* _YOUR TASK_: The answer is the data repeated in full, with no pictures included.

* _GIVEN RECORDS_:
↓↓↓
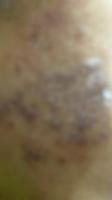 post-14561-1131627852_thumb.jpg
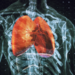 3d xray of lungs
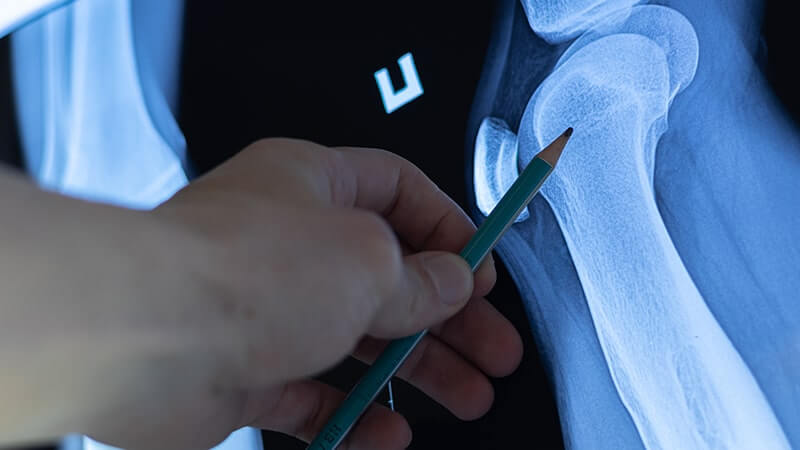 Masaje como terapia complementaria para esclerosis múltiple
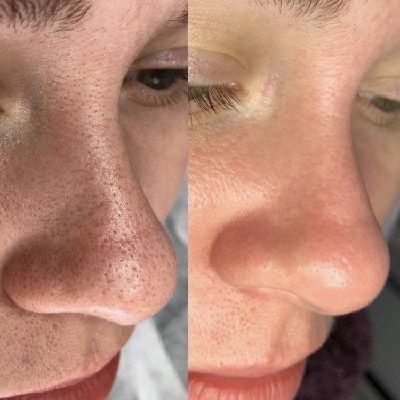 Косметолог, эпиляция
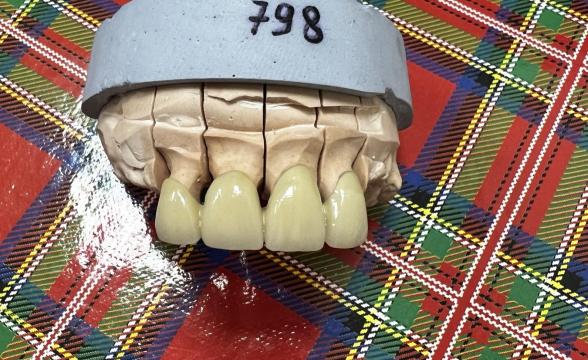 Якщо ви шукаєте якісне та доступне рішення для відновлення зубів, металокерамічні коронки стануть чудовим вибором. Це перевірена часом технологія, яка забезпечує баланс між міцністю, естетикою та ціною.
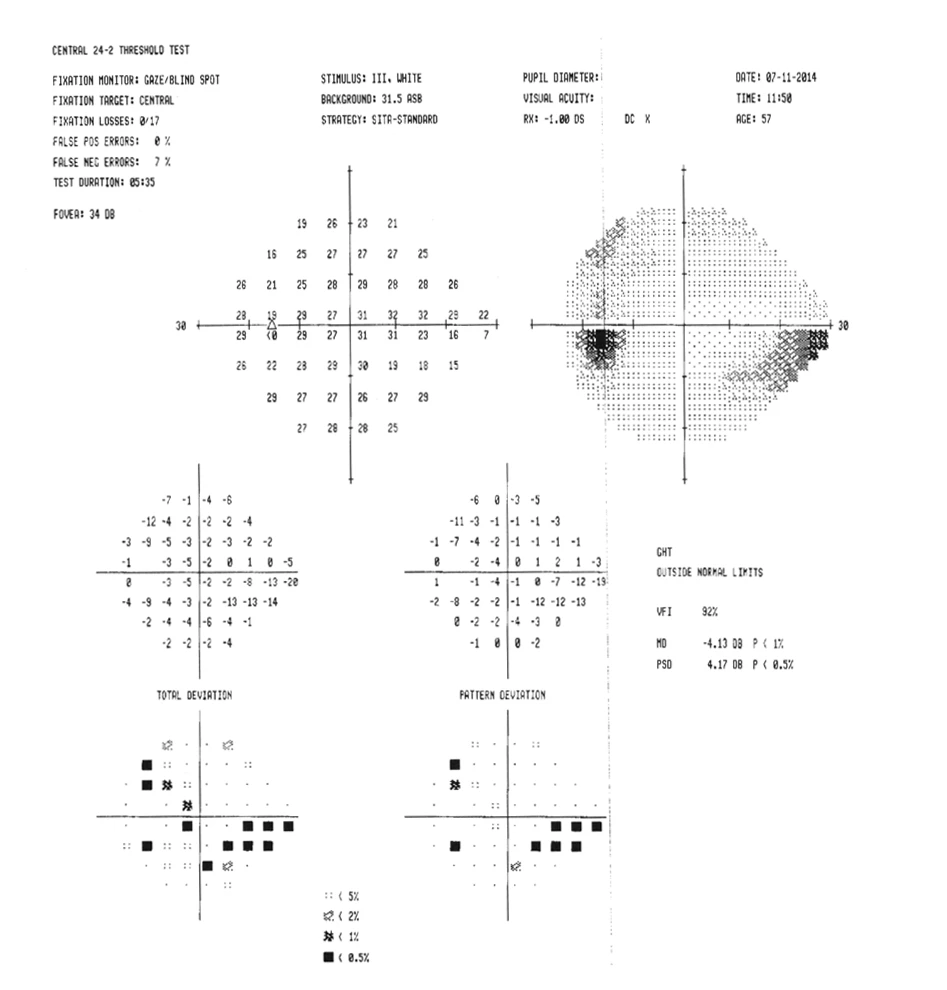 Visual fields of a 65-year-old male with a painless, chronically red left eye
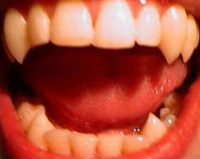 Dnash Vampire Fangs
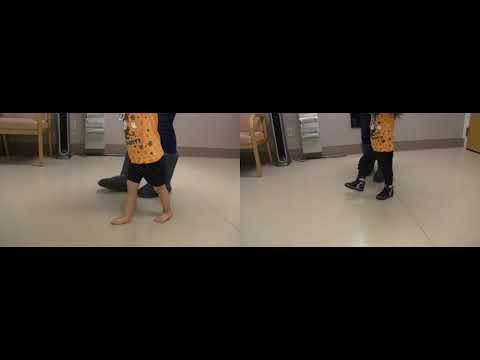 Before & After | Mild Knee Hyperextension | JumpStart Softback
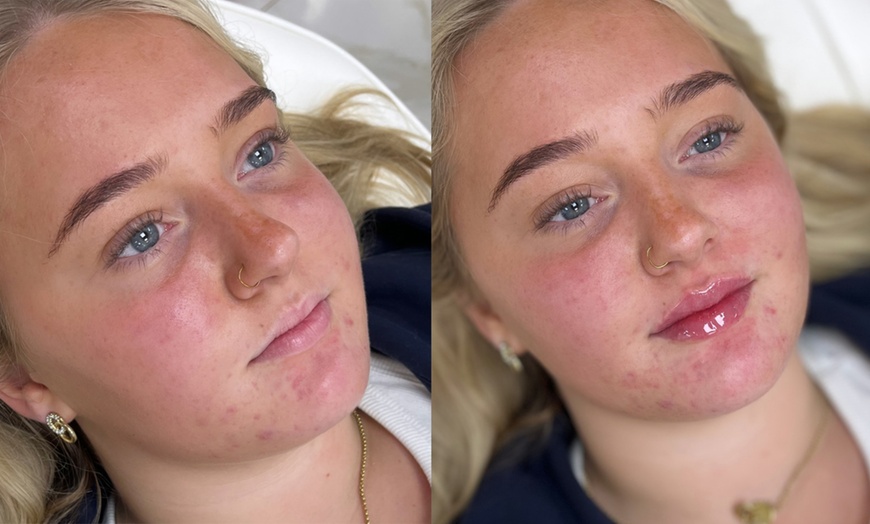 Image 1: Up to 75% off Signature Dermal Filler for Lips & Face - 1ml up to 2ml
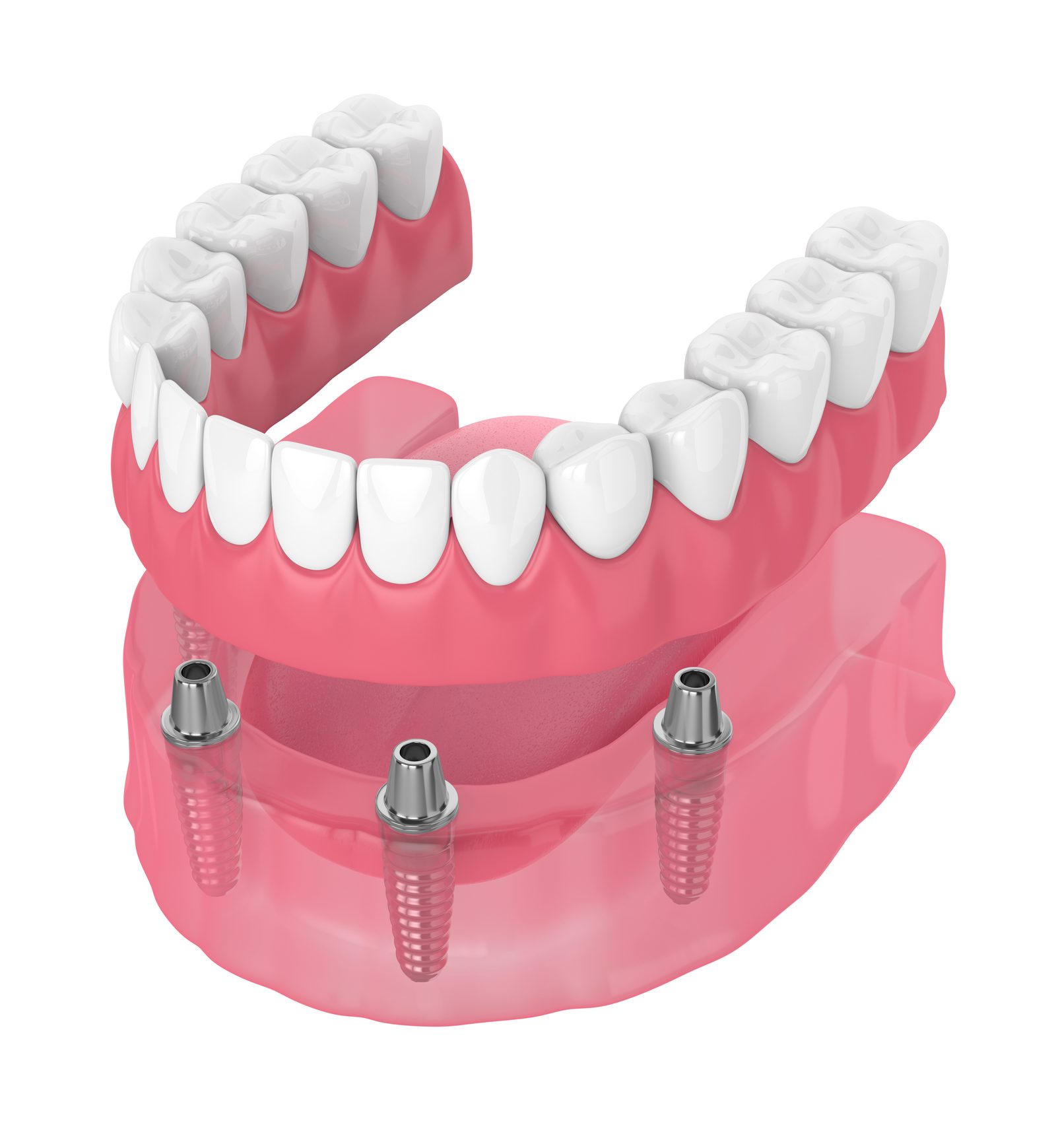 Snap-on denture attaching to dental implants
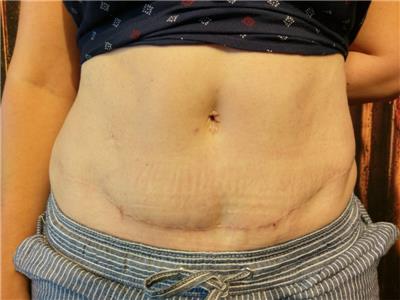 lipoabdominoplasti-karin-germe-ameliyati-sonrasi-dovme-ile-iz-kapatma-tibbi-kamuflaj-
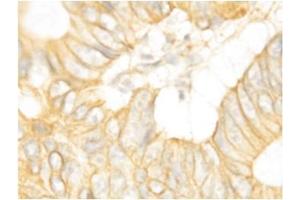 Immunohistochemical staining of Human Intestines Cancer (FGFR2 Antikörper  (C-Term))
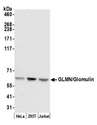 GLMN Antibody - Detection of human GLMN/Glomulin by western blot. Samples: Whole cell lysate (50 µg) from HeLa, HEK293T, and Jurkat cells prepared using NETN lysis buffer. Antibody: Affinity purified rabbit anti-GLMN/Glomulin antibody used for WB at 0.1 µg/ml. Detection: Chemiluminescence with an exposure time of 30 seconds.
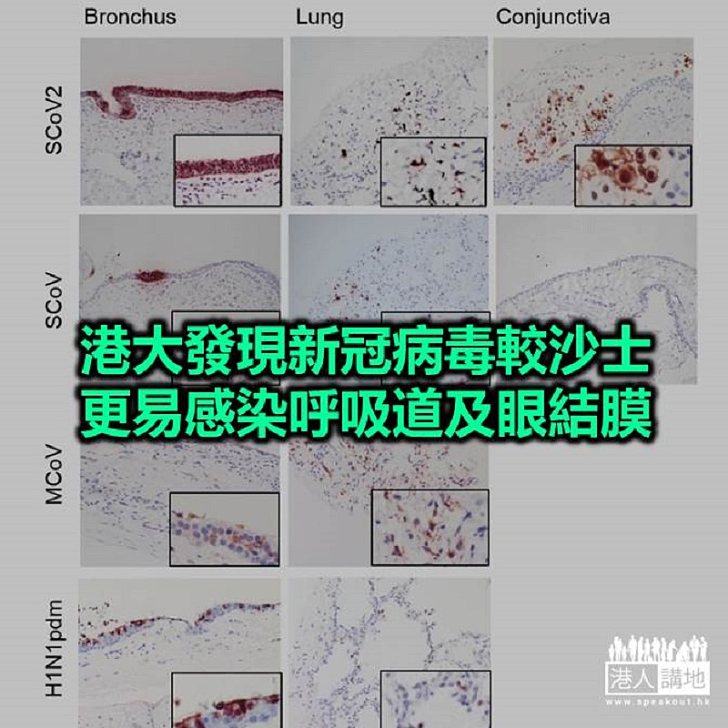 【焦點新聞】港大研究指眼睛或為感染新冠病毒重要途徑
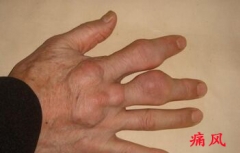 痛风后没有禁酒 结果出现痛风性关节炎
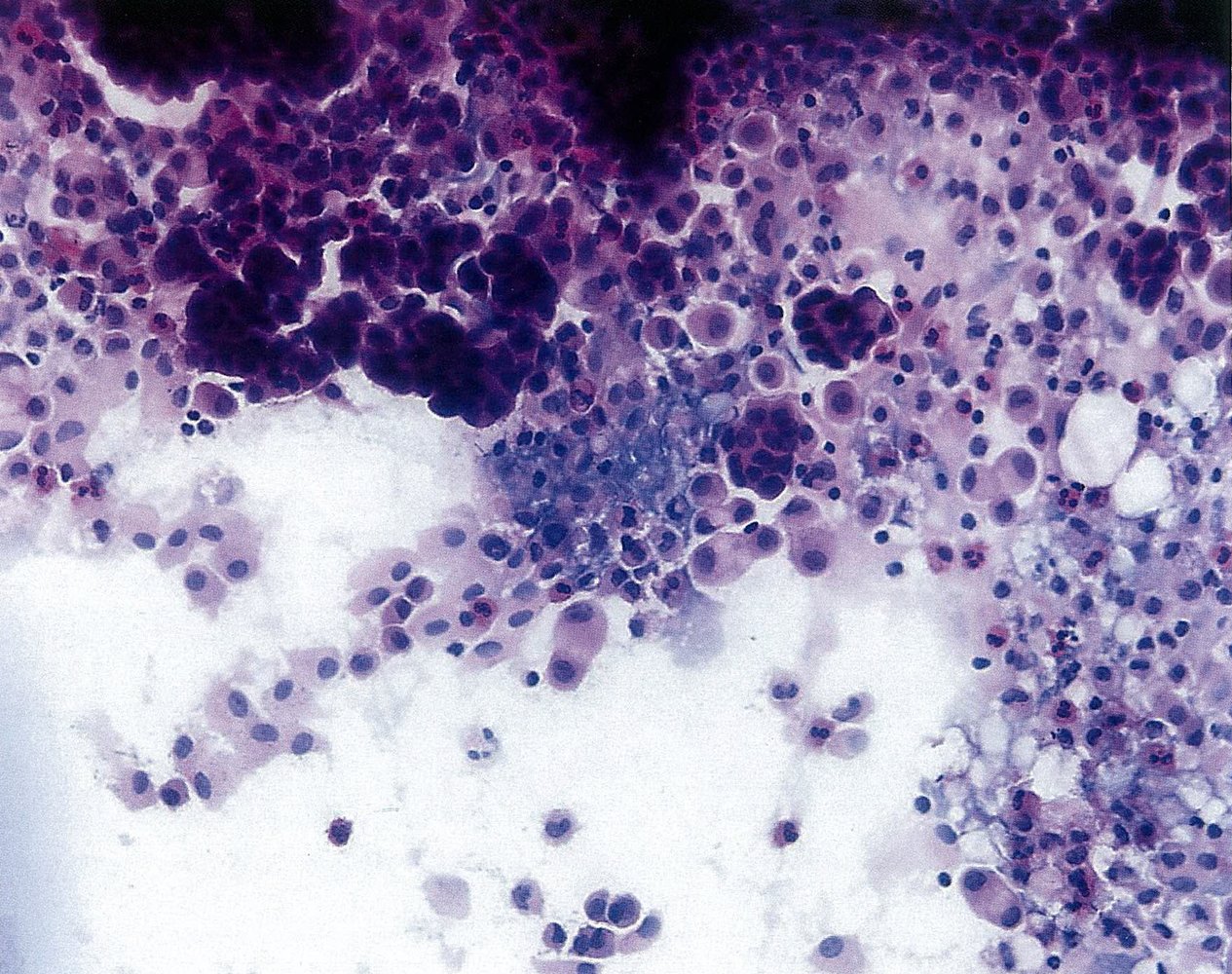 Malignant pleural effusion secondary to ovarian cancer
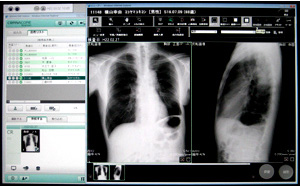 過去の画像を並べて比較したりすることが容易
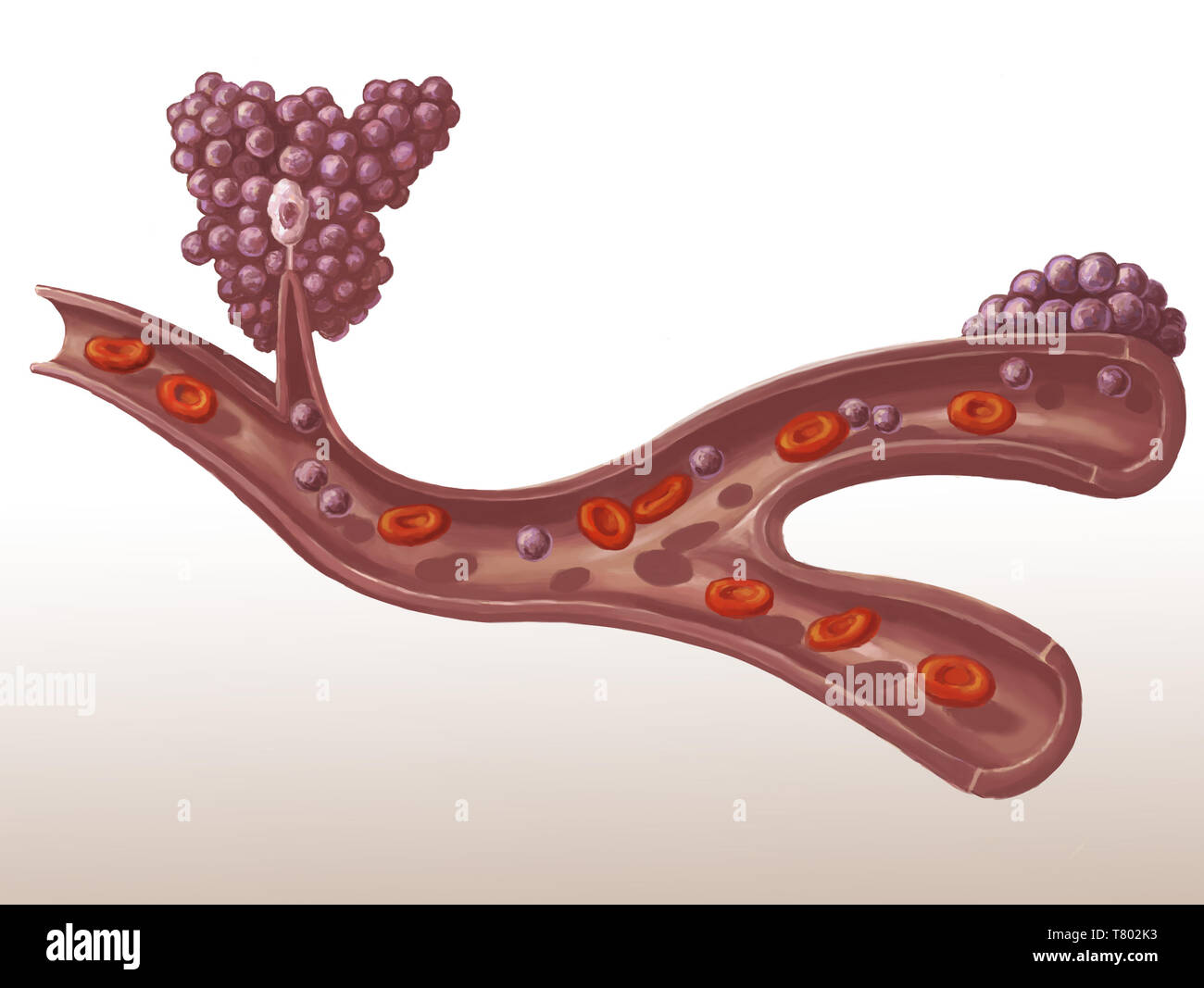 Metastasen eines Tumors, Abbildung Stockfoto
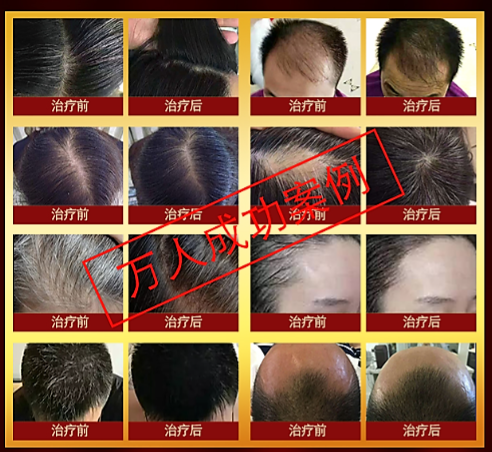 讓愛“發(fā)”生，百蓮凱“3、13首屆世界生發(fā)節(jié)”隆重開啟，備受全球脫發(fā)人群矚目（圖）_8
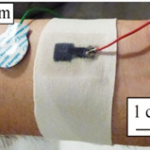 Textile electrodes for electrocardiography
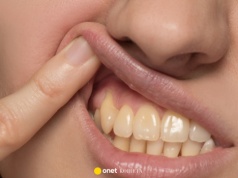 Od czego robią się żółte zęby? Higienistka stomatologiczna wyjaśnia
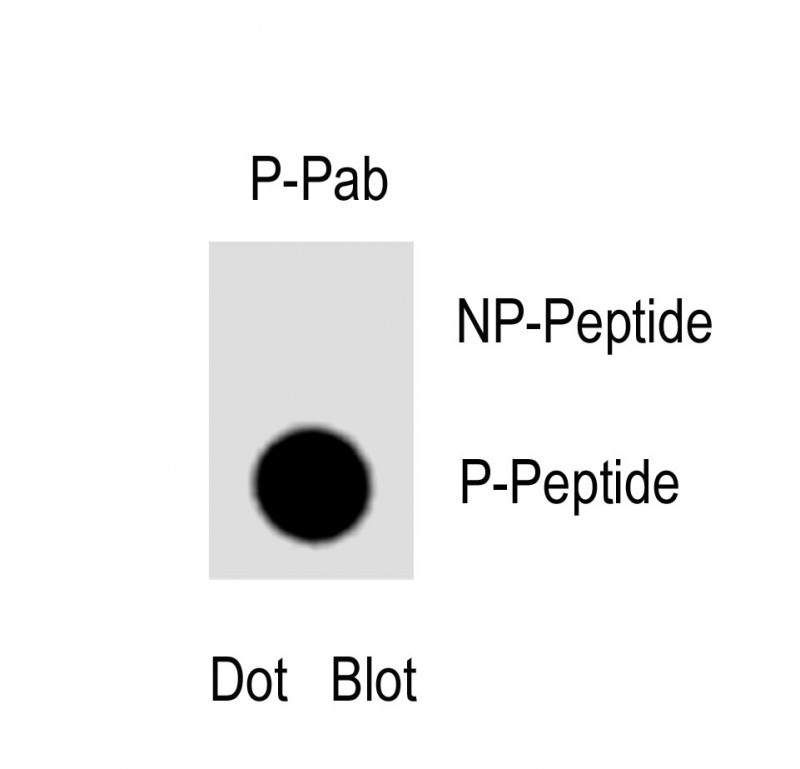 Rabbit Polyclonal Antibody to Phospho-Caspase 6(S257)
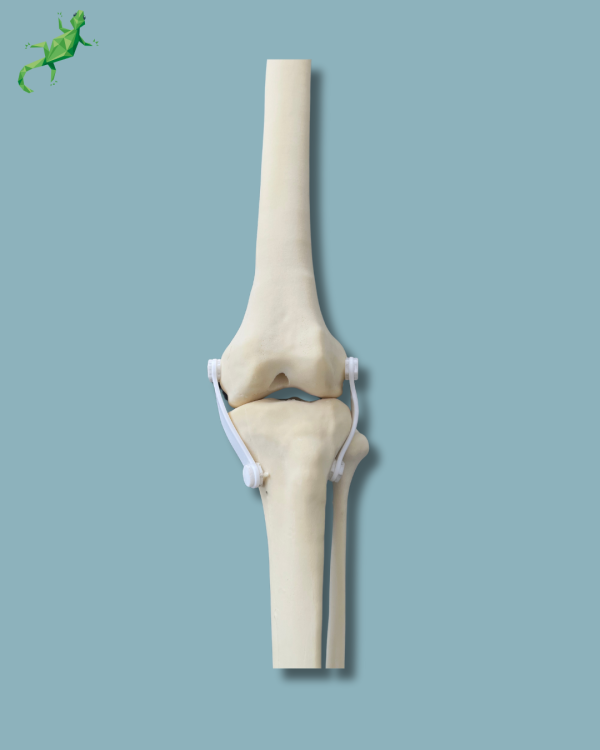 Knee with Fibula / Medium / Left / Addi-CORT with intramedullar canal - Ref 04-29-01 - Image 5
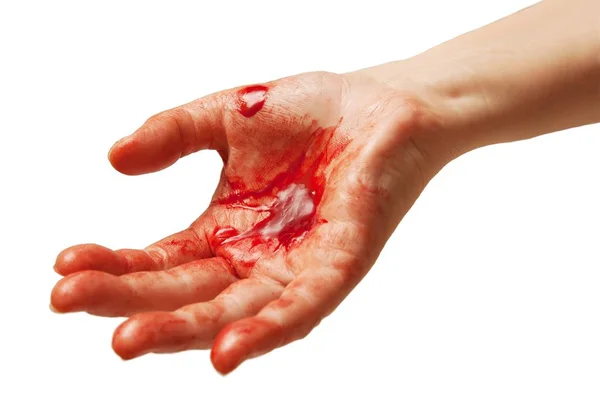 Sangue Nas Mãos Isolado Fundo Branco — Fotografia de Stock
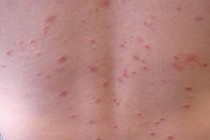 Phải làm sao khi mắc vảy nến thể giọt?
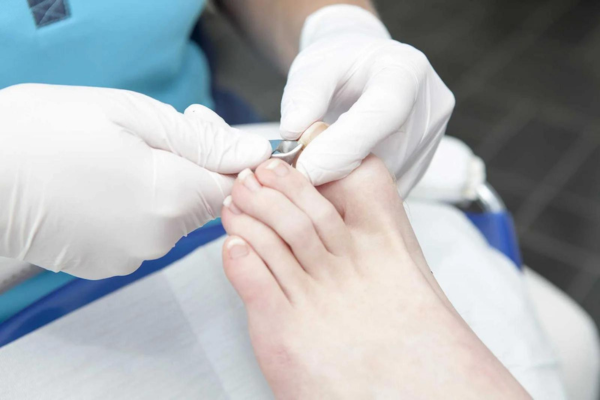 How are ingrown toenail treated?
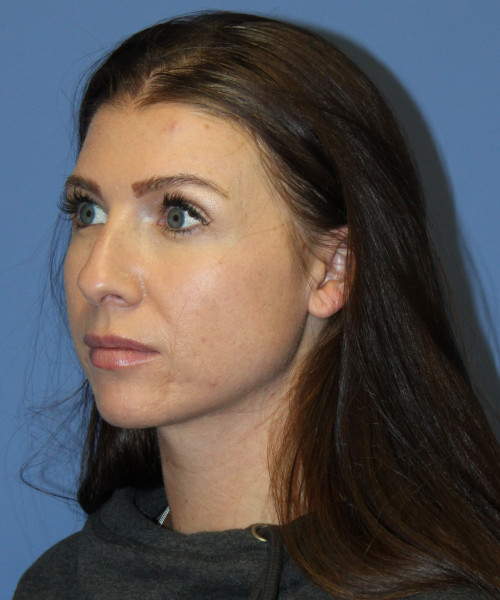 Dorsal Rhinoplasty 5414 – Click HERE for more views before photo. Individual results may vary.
↑↑↑
* _FINAL ANSWER_:
 post-14561-1131627852_thumb.jpg
 3d xray of lungs
 Masaje como terapia complementaria para esclerosis múltiple
 Косметолог, эпиляция
 Якщо ви шукаєте якісне та доступне рішення для відновлення зубів, металокерамічні коронки стануть чудовим вибором. Це перевірена часом технологія, яка забезпечує баланс між міцністю, естетикою та ціною.
 Visual fields of a 65-year-old male with a painless, chronically red left eye
 Dnash Vampire Fangs
 Before & After | Mild Knee Hyperextension | JumpStart Softback
 Image 1: Up to 75% off Signature Dermal Filler for Lips & Face - 1ml up to 2ml
 Snap-on denture attaching to dental implants
 lipoabdominoplasti-karin-germe-ameliyati-sonrasi-dovme-ile-iz-kapatma-tibbi-kamuflaj-
 Immunohistochemical staining of Human Intestines Cancer (FGFR2 Antikörper  (C-Term))
 GLMN Antibody - Detection of human GLMN/Glomulin by western blot. Samples: Whole cell lysate (50 µg) from HeLa, HEK293T, and Jurkat cells prepared using NETN lysis buffer. Antibody: Affinity purified rabbit anti-GLMN/Glomulin antibody used for WB at 0.1 µg/ml. Detection: Chemiluminescence with an exposure time of 30 seconds.
 【焦點新聞】港大研究指眼睛或為感染新冠病毒重要途徑
 痛风后没有禁酒 结果出现痛风性关节炎
 Malignant pleural effusion secondary to ovarian cancer
 過去の画像を並べて比較したりすることが容易
 Metastasen eines Tumors, Abbildung Stockfoto
 讓愛“發(fā)”生，百蓮凱“3、13首屆世界生發(fā)節(jié)”隆重開啟，備受全球脫發(fā)人群矚目（圖）_8
 Textile electrodes for electrocardiography
 Od czego robią się żółte zęby? Higienistka stomatologiczna wyjaśnia
 Rabbit Polyclonal Antibody to Phospho-Caspase 6(S257)
 Knee with Fibula / Medium / Left / Addi-CORT with intramedullar canal - Ref 04-29-01 - Image 5
 Sangue Nas Mãos Isolado Fundo Branco — Fotografia de Stock
 Phải làm sao khi mắc vảy nến thể giọt?
 How are ingrown toenail treated?
 Dorsal Rhinoplasty 5414 – Click HERE for more views before photo. Individual results may vary.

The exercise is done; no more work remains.